# [Your assignment]
Ignore the pictures in the data below and set down exactly the lines from its first line through the line containing "Here we're going".
***
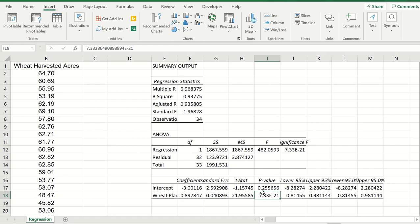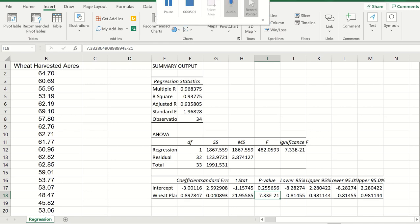So in conclusion, the best model to establish how much wheat we can harvest is the model y equals 0.897x, where x is the amount planted. As you can see, it's a fairly accurate estimate to figure out how much wheat to plant. And this is how you run a regression in Excel - it's very easy and very quick to do. And in the next video, we're going to talk about net present value.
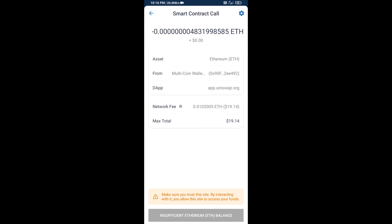So guys, I have only shared the technical process, not financial advice. Invest in cryptocurrency at your own risk. Thanks for watching.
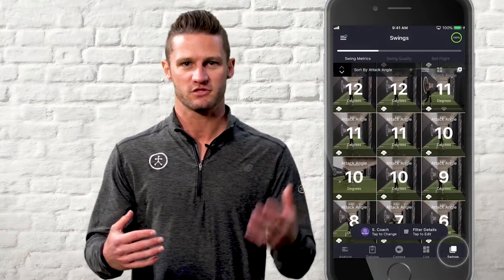Here we're going to show you how easy it is to record video with the Blast app and see your swing. It's as easy as pressing the video record button and pressing record. We can take one continuous video of the hitter and the app will automatically clip each swing into its own video. Once you're done, press stop record and you'll find your videos in the swings tab.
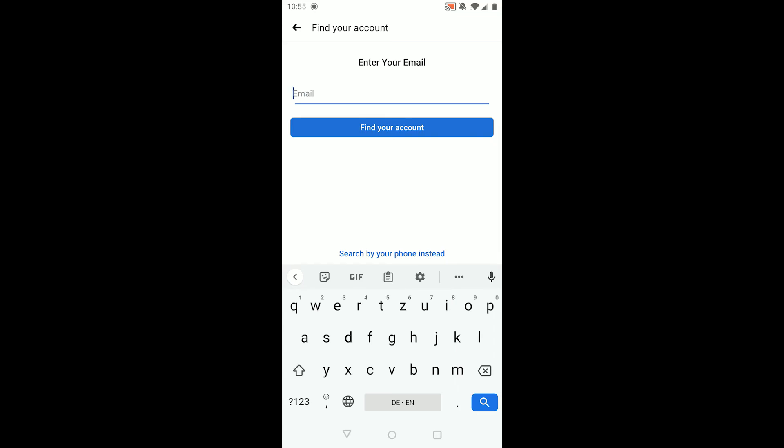I hope this video could help you out in recovering your Facebook password without email and phone number. If it did, please like. If you have any questions, leave them in the comments below and subscribe. I'll see you in the next one. Bye!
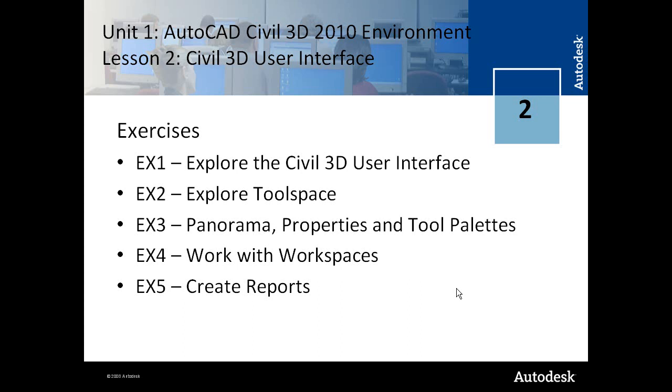Lesson 2 of Unit 1 addresses the Civil 3D user interface. In Exercise 1 we address different components of the user interface. In Exercise 2 you learn about the toolspace and the different tabs on the toolspace. This is a very important component of the Civil 3D user interface.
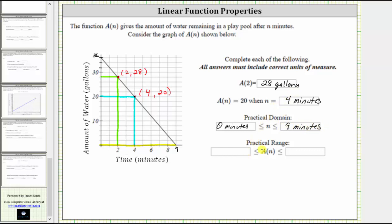To determine the practical range, we look at the vertical axis. At the start, the pool had 36 gallons of water in it, and then after nine minutes it was empty, or had zero gallons of water. This means the possible outputs go from zero gallons all the way up to 36 gallons, so the practical range is a of n greater than or equal to zero gallons and less than or equal to 36 gallons.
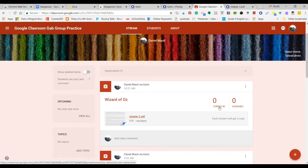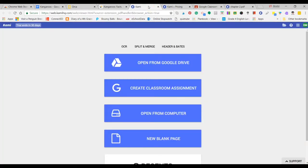Kami is definitely worth exploring more — there's a lot to it. Some premium features include assigning directly to Google Classroom. Last year I would pull up a PDF on the front screen and we'd edit it together as a class, highlighting text and answering questions — things we'd typically do on paper. We have ClearTouch interactive screens, so that was great for whole-group interaction.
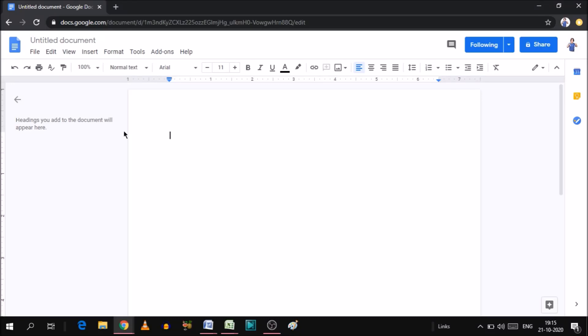Hello friends, welcome to this video. I am Vishwa. In today's video, we are going to know how to enable voice typing in Google Docs.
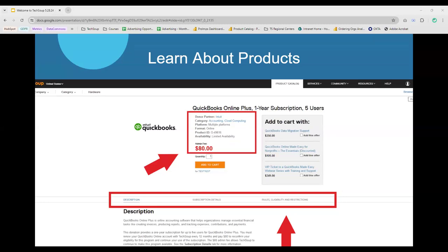Once you've located a product and opened it, look at all the information right underneath the product's name — donor partner, categories, and so on. You can click on a category like 'accounting' to see all related products. Make sure you're reviewing all three tabs: description on the left, subscription details in the middle, and rules, eligibility, and restrictions on the far right. Review all three before adding the product to your cart.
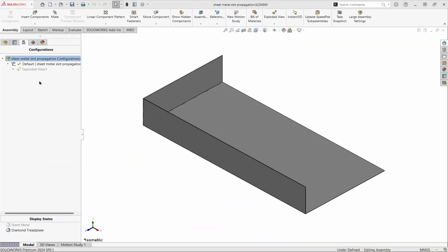If an assembly has parts connected with the tab and slot feature, the slot can be propagated to other corresponding parts. This assembly is made up of three sheet metal parts that are connected with tabs and slots.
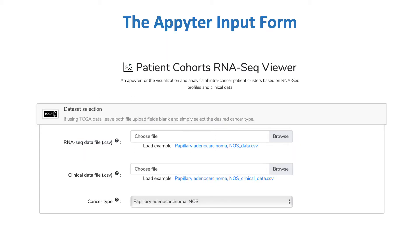Here's what the input form looks like for my appyter. The appyter creator is able to divide the input fields into various sections, and if you click on any section header, you'll expand that section to set the related fields. Here you can see the section for dataset selection, where the user can either upload their own RNA-seq and clinical data files or select a TCGA cancer type from the drop-down to load that cohort. I'll now be running through some highlights of the appyter output if you were to select papillary adenocarcinoma from the drop-down and leave all other parameters as their default values.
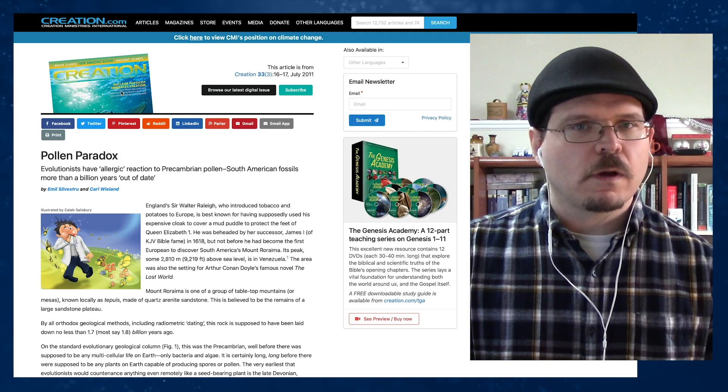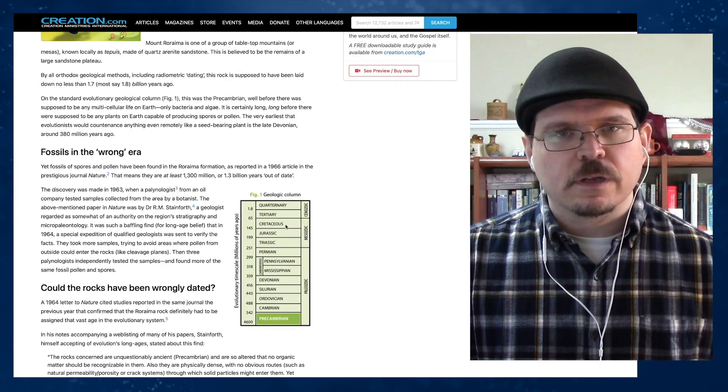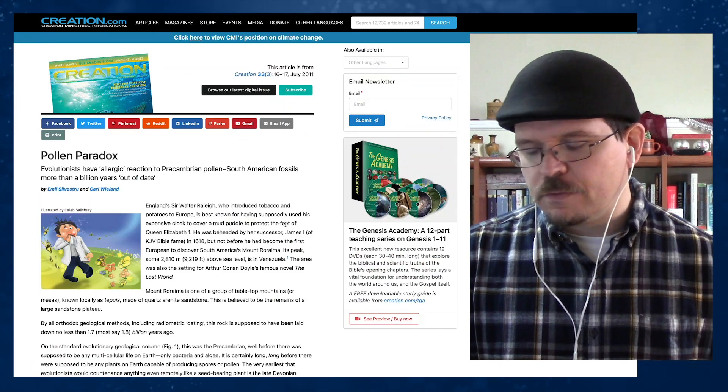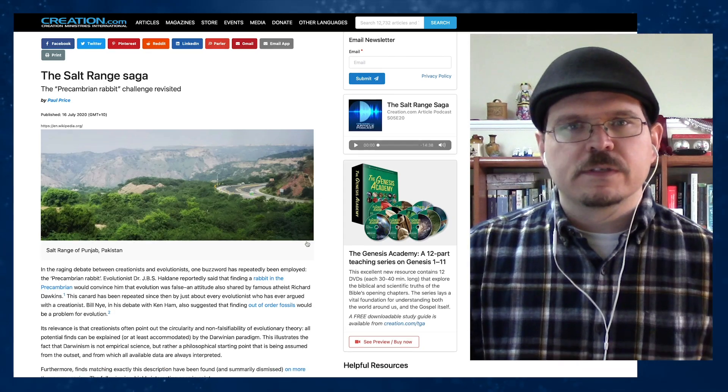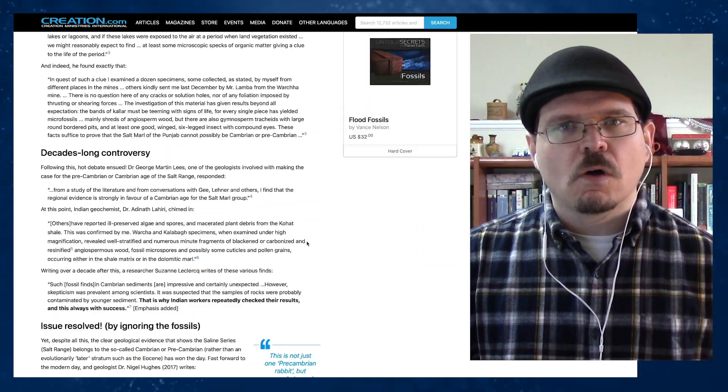And Paul, I know there's this example from the Salt Range as well — you want to elaborate on that? Yeah, I was originally reading Emil Silvestru's article on the Roraima pollen on creation.com, which is a really good resource. When I was reading that, I came across an example he gave kind of in passing about the Salt Range in the Punjab region of Pakistan. That piqued my curiosity, I did a little more research and wrote an article on it — now it's at creation.com/salt-range.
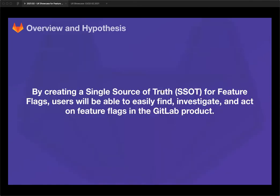I want to talk about the FeatureFlex work that we did. To kick off, I want to share the overall view of the work we wanted to do. There was a lot of change in priority and a lot of unknowns as we were first getting started. We decided to focus our efforts around FeatureFlex. The hypothesis was: by creating a single source of truth for FeatureFlex, users would be able to easily find, investigate, and act on FeatureFlex inside of the GitLab product. We heard from users in many cases where they weren't able to fully utilize the different parts of FeatureFlex — they wondered if parts were missing, and the classic workaround was creating issues to manage their FeatureFlex anyway. So we knew there was a need, which is a really exciting way to start a project.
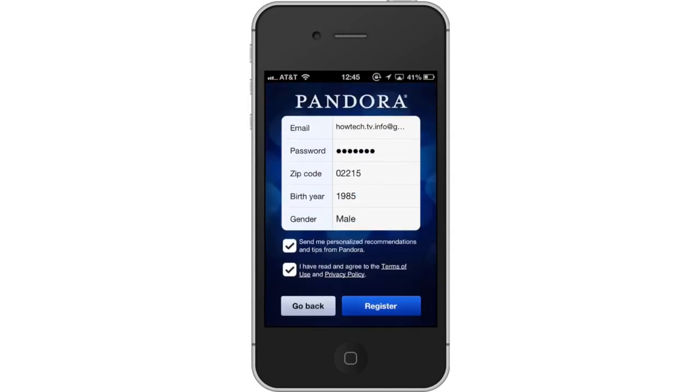Tap Register. Once you do this, your account will be created. Next, let's create a new station.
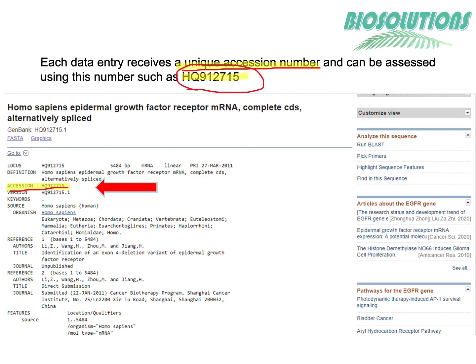New data submitted by researchers can be received at any of the partner sites and is synchronized and updated on a daily basis, so the three data centers share virtually the same data at any given time. We will first learn briefly about these three databases, and then check how using the accession number HQ912715.1 you can retrieve the same data from any of the three databases.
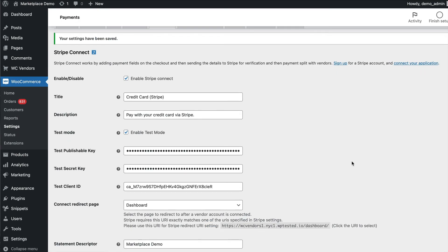It's very easy to configure both the Stripe connect plugin and your Stripe dashboard to be able to quickly receive payments and pay out your vendors. We recommend using Stripe connect because you can be part of the transaction or completely separated from the transaction which provides a quick and simple solution for your marketplace payments.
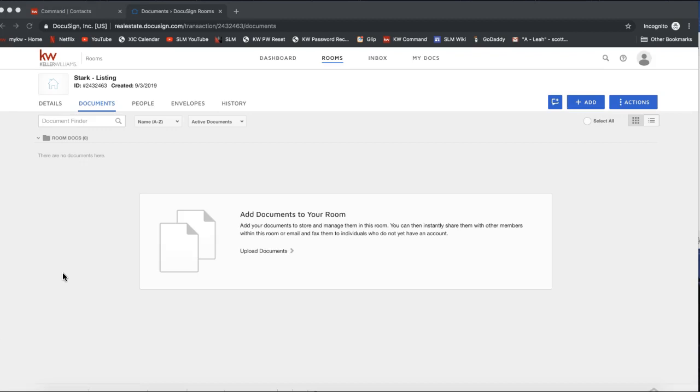All your loops will still stay there, but you won't be able to create new ones. Keller Williams International is working on moving all historical data from Dotloop to KW Command and they have said that will be available come September 15th.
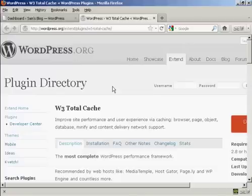In this video, I'm going to talk you through how you can download and install the W3 Total Cache Plugin.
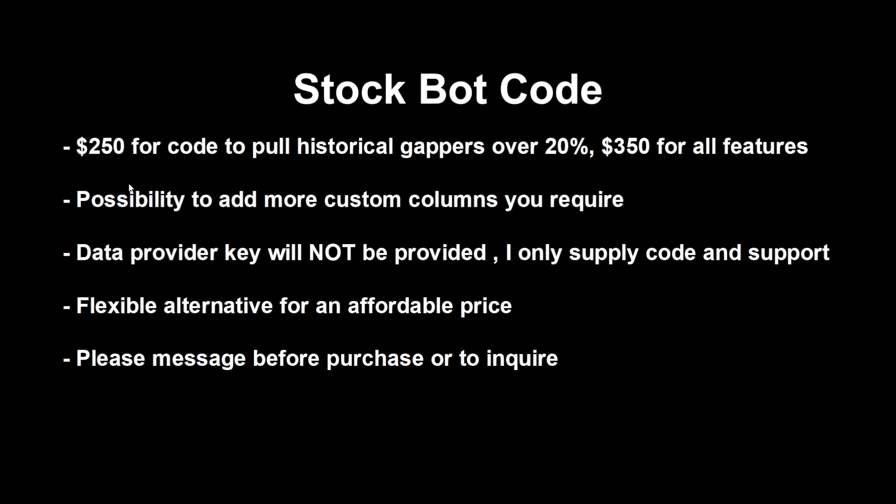The data provider key will not be provided, so just making sure it's very clear. You will need to buy your own. You can get cheap ones, you can get expensive ones, I don't really mind. I can definitely switch around to whatever you prefer. It's a flexible alternative for an affordable price. I think it's very cheap, it's a one-time purchase, you get to keep it forever. If you want to run it next year and pull more gappers from this year, you totally could, very easy to do. But just please message me before purchase as this is more one-on-one and I do have to see if it would work with your provider. Maybe it won't, maybe I have to adjust things, maybe it would cost more, but most of the time it should be a quite seamless transaction.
***
# [Result for this exercise]
So in conclusion, the best model to establish how much wheat we can harvest is the model y equals 0.897x, where x is the amount planted. As you can see, it's a fairly accurate estimate to figure out how much wheat to plant. And this is how you run a regression in Excel - it's very easy and very quick to do. And in the next video, we're going to talk about net present value.
So guys, I have only shared the technical process, not financial advice. Invest in cryptocurrency at your own risk. Thanks for watching.
Here we're going to show you how easy it is to record video with the Blast app and see your swing. It's as easy as pressing the video record button and pressing record. We can take one continuous video of the hitter and the app will automatically clip each swing into its own video. Once you're done, press stop record and you'll find your videos in the swings tab.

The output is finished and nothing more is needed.